L’instauration de ce nouveau cadre permettra au Royaume d’atteindre le troisième niveau de maturité (ML-3) dans la réglementation des vaccins, selon l’outil de référence mondial Global Benchmarking Tool de l’Organisation mondiale de la santé (OMS).
En d’autres termes, le fait d’atteindre le niveau ML-3 permettra aux fabricants de vaccins et de sérums marocains de demander la préqualification de l’OMS et l’autorisation d’utilisation d’urgence de cette organisation pour leurs produits manufacturés et, à terme, de les exporter.
Un cadre juridique pour accompagner l’industrie nationale et garantir la qualité
Ce cadre juridique a fait l’objet d’un projet de décret-loi, adopté ce jeudi 12 septembre en Conseil de gouvernement. Il s’agit du décret-loi 2.24.728, complétant la loi 17.04 portant Code du médicament et de la pharmacie.

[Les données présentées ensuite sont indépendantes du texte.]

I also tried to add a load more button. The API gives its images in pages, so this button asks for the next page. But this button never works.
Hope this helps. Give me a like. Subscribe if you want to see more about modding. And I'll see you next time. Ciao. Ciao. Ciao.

Consultée par nos soins, une note de présentation de ce texte explique le contexte de son adoption. « La sécurité des médicaments représente l’un des principaux défis engendrés par la pandémie du Covid-19 au Royaume. Cette crise sanitaire mondiale a révélé le besoin urgent d’assurer la durabilité et la disponibilité des médicaments, en particulier des vaccins, en tant que ressources vitales pour faire face aux crises sanitaires et améliorer les soins de santé », précise le document.

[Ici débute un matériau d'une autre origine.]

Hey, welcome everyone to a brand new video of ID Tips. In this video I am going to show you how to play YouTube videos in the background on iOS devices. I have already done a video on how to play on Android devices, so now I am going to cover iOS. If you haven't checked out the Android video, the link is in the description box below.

« Dans ce contexte, le Maroc s’efforce d‘atteindre la souveraineté vaccinale en mettant en place une industrie nationale capable de répondre à la demande nationale et en Afrique. Et afin d’accompagner cette industrie et de garantir la qualité des vaccins produits localement ou importés, et de s’assurer qu’ils respectent les normes internationalement reconnues, le Royaume travaille à l’élaboration d’un cadre juridique efficace et intégré, qui lui permettra d’atteindre le troisième niveau de maturité (ML-3) de la réglementation des vaccins, selon l’outil de référence mondial Global Benchmarking Tool (GBT) de l’Organisation mondiale de la santé (OMS) ».

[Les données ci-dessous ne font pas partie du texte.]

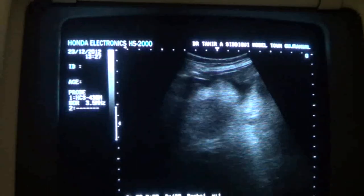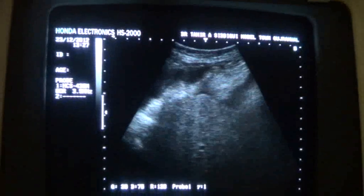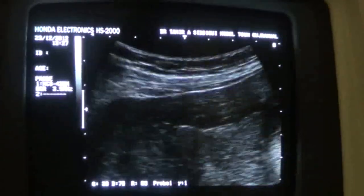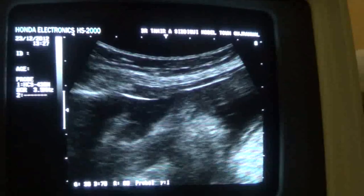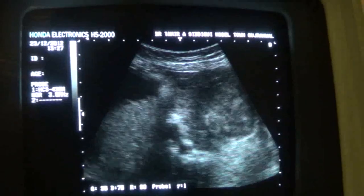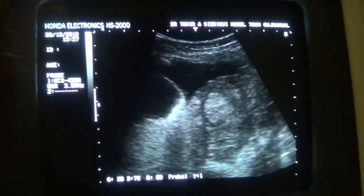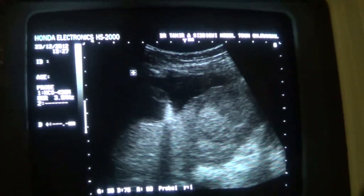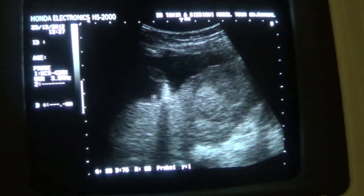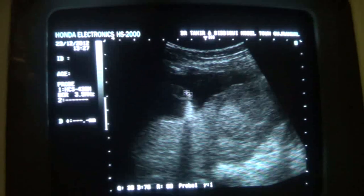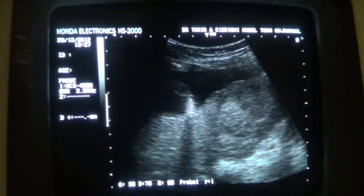This video segment relates to the study of a structure that dances in the ascitic fluid. This is the falciform ligament, and as you can see in the ascitic fluid, this is the liver. So this is the falciform ligament.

Le GBT est un outil mondial d’analyse comparative de l’OMS (WHO Global Benchmarking Tool) pour l’évaluation des systèmes nationaux de réglementation des médicaments et des vaccins, explique l’Organisation sur son portail. Il intègre le concept de « niveau de maturité » dit ML (adapté à la norme ISO 9004), permettant à l’OMS et aux autorités réglementaires d’évaluer la « maturité » globale du système réglementaire d’un pays sur une échelle de 1 (existence de certains éléments du système réglementaire) à 4 (fonctionnement à un niveau avancé de performance et d’amélioration continue).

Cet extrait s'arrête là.